An interdisciplinary team of graduate students from UMD’s School of Architecture, Planning and Preservation has landed one of four finalist slots in the 2023 HUD Innovation in Affordable Housing Student Design and Planning (IAH) Competition, beating out interdisciplinary teams from some of the most formidable graduate-level programs in the United States. UMD will go head-to-head with the University of Illinois Chicago, Harvard Graduate School of Design and University of Texas at Austin on April 12, 2023, at HUD’s Washington, D.C., office to vie for the winning title.
“We are thrilled to see Maryland once again advance in this prestigious competition,” said Dawn Jourdan, Dean of the School of Architecture, Planning and Preservation. “The skill and thoughtfulness our students bring to this competition time and again is truly outstanding.”
This is the sixth time that Maryland has made the final four in the competition’s 10-year history, selected by a panel of industry experts in a blind review; Maryland took first place in 2018, 2019 and 2022, placing second in 2016 and 2020. Team Maryland is: Maya Mule (M.ARCH), Samantha Habib (M.ARCH), Chris Tenneson (MRED), Abigail Bullock (M.ARCH) and Salma Haoudi (M.C.P.). Assistant Professor Georgeanne Matthews and ZDS Managing Director Rob McClennan, AIA, are the team’s advisors.
The IAH competition is designed to build a future of practitioners eager to fulfill the need for affordable, sustainable housing. It challenges interdisciplinary, graduate-level teams to address the social, economic and environmental issues that surround a real-world housing problem in the United States, by creating innovative and original solutions through development, design and finance. This year’s competition asks teams to transform an underdeveloped block in Chicago’s bucolic Lincoln Park neighborhood into a sustainable and vibrant, affordable family housing development for the Chicago Housing Authority. The team is up against one of the smallest sites in the competition’s history and the challenge to conceive a dense development that marries with the surrounding historic architecture.
“Maximizing every square foot of this influential and interesting site has been a unique challenge,” said architecture graduate student Abigail Bullock. “I am lucky to be part of a team of really smart and skilled people and I’m learning so much; that’s probably the best part of the competition.”
Matthews assumed the faculty advisor role this year from Maria Day-Marshall, director of the Real Estate Development Program. A committed mentor and advisor, Marshall has helped shepherd teams of students to victory since 2018.
“She has a commitment to students and to attainable, affordable housing that is beyond compare,” said Matthews.

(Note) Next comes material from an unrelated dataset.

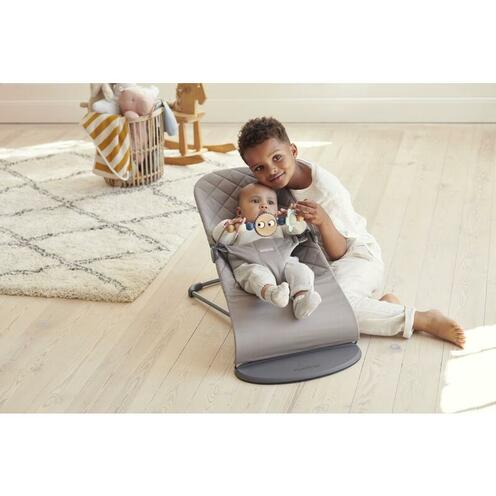 Arche pour Transat Yeux Espiègles Pastels - BABYBJÖRN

The team will refine their project and produce more detail in the weeks leading up to the competition, including a site visit in early March. While UMD’s design is under wraps until the final competition, the team hopes that their proposal catches the eye of jury members and the $20,000 first-place prize.
“This is an intense, three-week charette and these students have been working around the clock,” said Matthews. “They are really committed and supportive of each other and it’s been wonderful to see how their individual skills have really shined through.”